*** RECORDS SUPPLIED

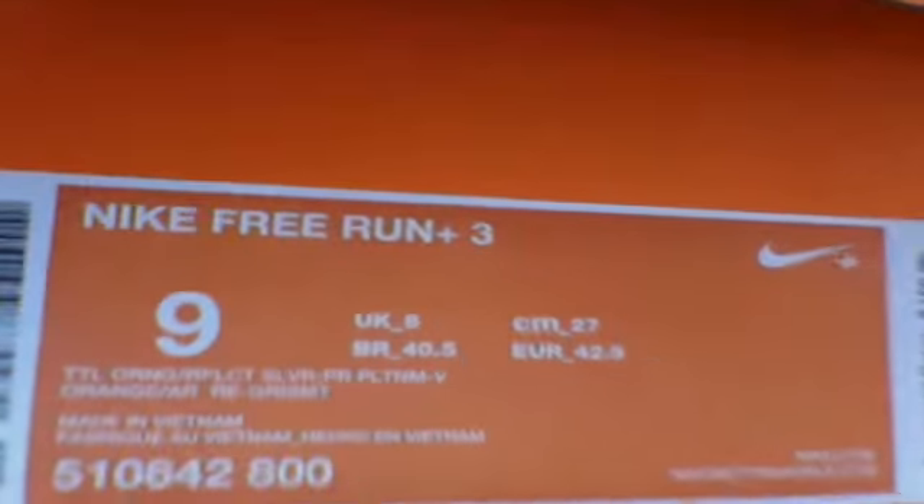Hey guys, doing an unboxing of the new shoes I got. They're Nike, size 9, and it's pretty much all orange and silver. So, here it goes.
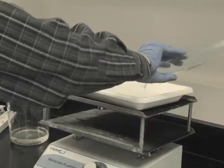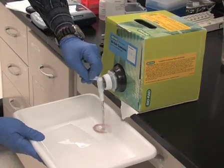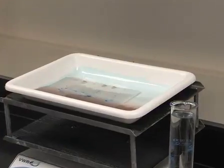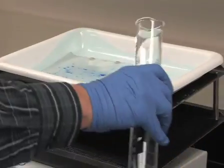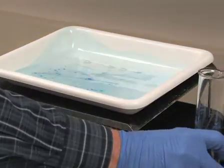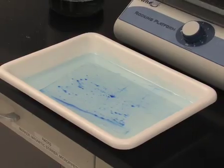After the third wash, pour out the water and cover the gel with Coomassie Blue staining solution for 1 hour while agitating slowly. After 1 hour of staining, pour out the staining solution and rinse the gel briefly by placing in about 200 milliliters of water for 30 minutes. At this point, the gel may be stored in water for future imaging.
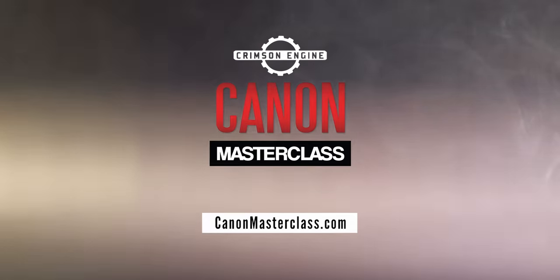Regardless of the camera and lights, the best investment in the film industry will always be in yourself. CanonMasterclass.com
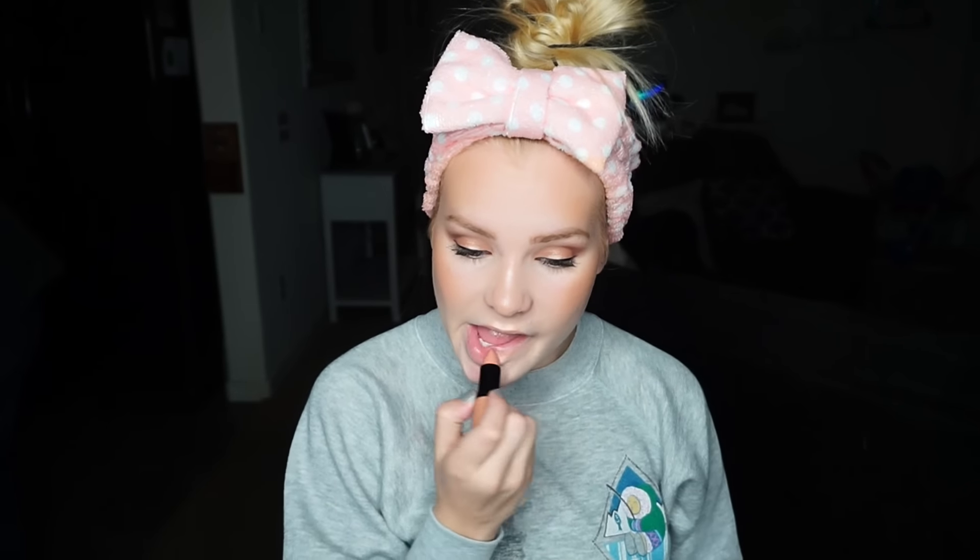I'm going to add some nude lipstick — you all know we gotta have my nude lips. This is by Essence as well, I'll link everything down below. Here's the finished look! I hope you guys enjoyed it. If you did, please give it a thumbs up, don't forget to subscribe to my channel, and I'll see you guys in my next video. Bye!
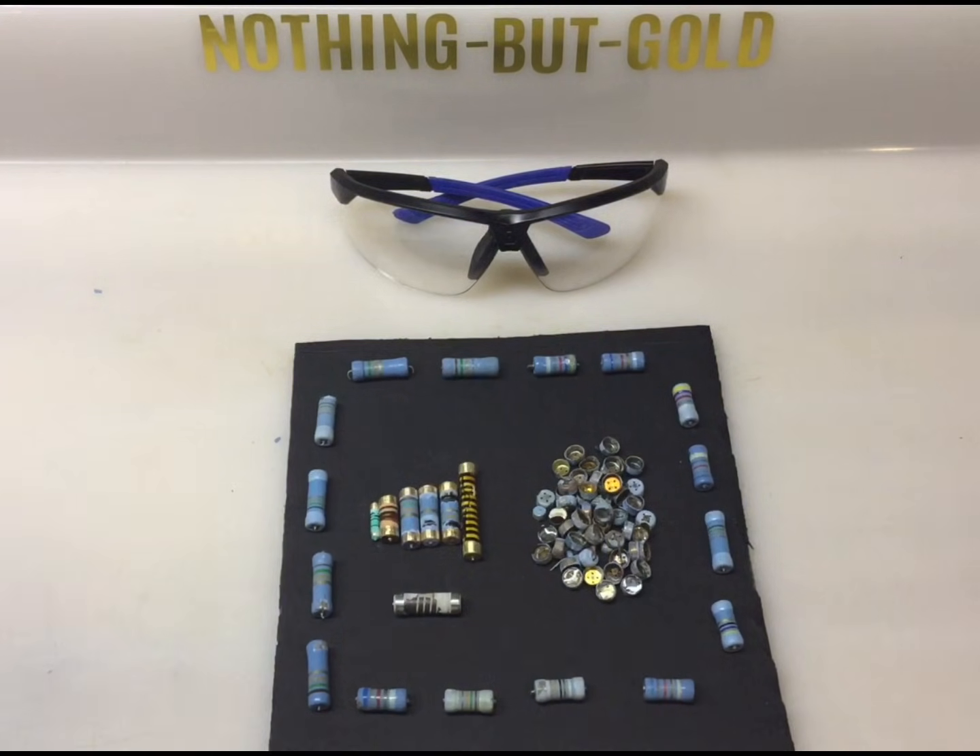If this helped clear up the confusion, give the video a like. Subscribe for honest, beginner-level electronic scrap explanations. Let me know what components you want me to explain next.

******
*** RECORDS SUPPLIED

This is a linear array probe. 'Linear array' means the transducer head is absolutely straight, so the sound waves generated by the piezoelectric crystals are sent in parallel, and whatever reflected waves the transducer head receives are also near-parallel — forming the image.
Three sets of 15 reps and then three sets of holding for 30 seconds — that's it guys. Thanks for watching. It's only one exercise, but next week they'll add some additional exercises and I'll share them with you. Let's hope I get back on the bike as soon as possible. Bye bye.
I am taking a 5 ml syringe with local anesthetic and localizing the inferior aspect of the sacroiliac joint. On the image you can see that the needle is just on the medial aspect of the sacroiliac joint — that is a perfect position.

******
*** RECORDS SUPPLIED

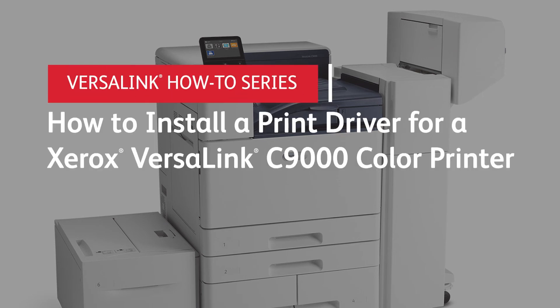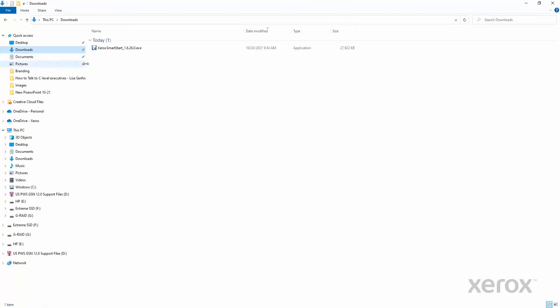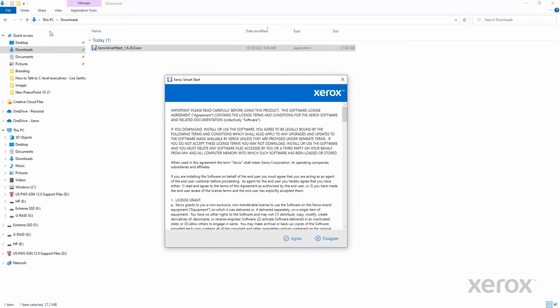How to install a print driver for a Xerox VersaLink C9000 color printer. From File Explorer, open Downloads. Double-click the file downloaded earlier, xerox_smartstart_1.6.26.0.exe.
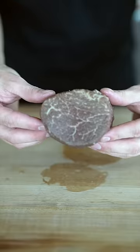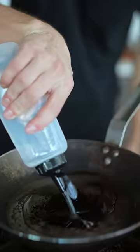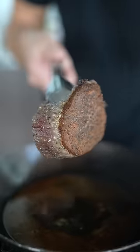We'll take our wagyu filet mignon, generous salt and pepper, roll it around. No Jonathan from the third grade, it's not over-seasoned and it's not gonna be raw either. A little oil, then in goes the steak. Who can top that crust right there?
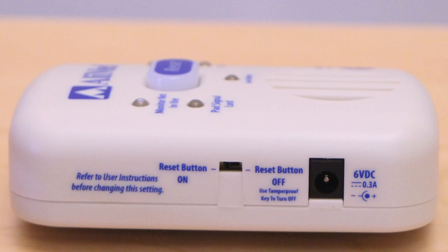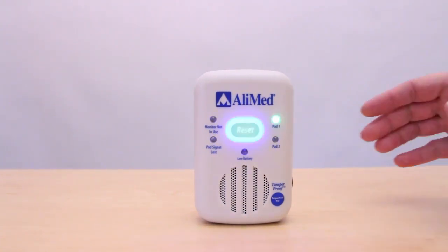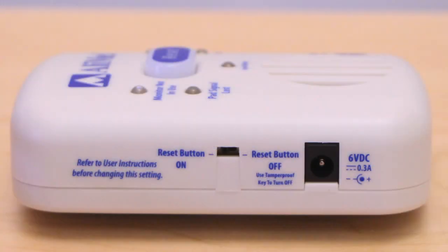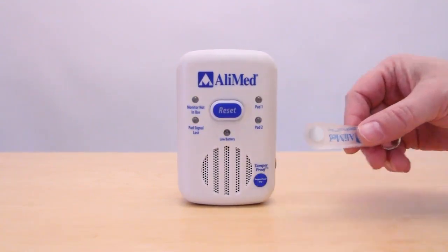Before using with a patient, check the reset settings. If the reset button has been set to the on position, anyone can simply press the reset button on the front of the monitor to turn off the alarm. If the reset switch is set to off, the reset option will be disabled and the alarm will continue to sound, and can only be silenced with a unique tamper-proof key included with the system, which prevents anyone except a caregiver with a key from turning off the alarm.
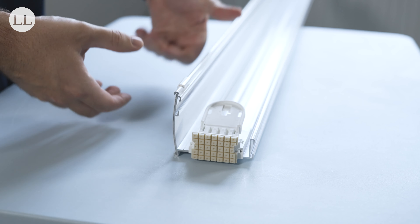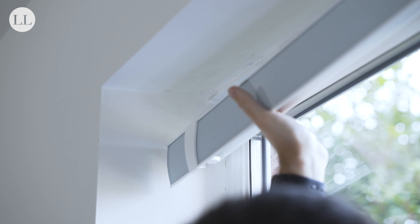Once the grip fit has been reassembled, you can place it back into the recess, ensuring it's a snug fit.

******

*INSTRUCTIONS FOR THE TASK*
The only reply wanted is the number of lines in the records above containing the word "image".

*SOLUTION TO THE EXERCISE*
2